### Source data
════════
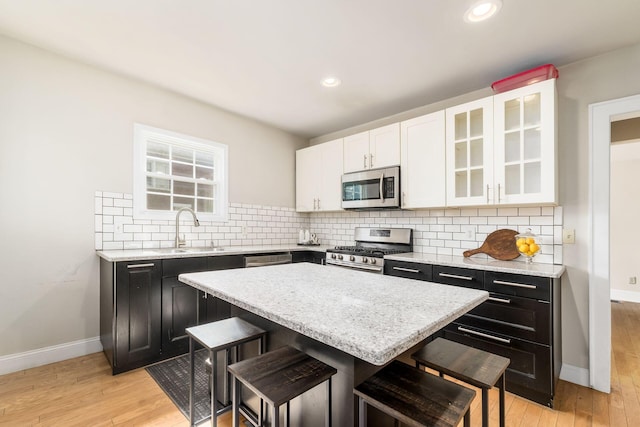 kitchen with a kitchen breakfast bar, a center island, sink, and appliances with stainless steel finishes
════════
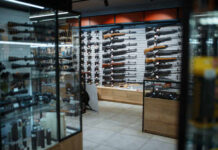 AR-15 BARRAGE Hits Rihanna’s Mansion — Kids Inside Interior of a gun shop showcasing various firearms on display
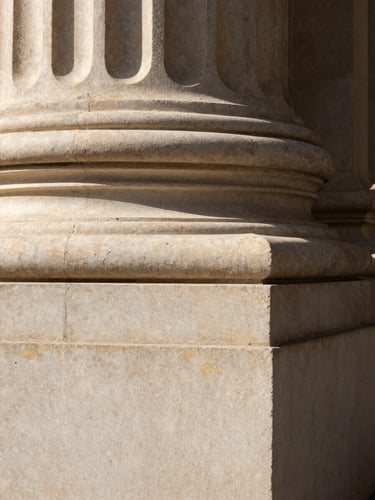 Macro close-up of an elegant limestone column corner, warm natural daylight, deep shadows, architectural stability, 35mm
════════
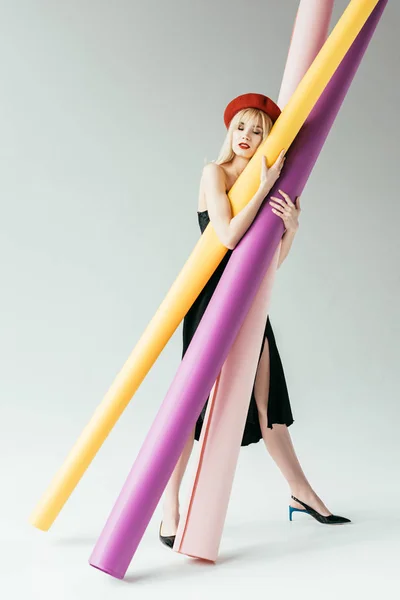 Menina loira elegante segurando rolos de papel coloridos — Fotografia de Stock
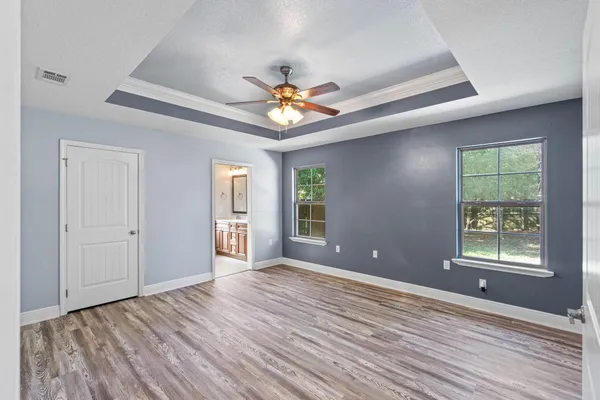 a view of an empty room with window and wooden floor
════════
### Brief
Text only, no pictures: please print exactly the lines above from the line with "Menina loira elegante" up to and including the line with "a view of an", and nothing else.

### Final answer
 Menina loira elegante segurando rolos de papel coloridos — Fotografia de Stock
 a view of an empty room with window and wooden floor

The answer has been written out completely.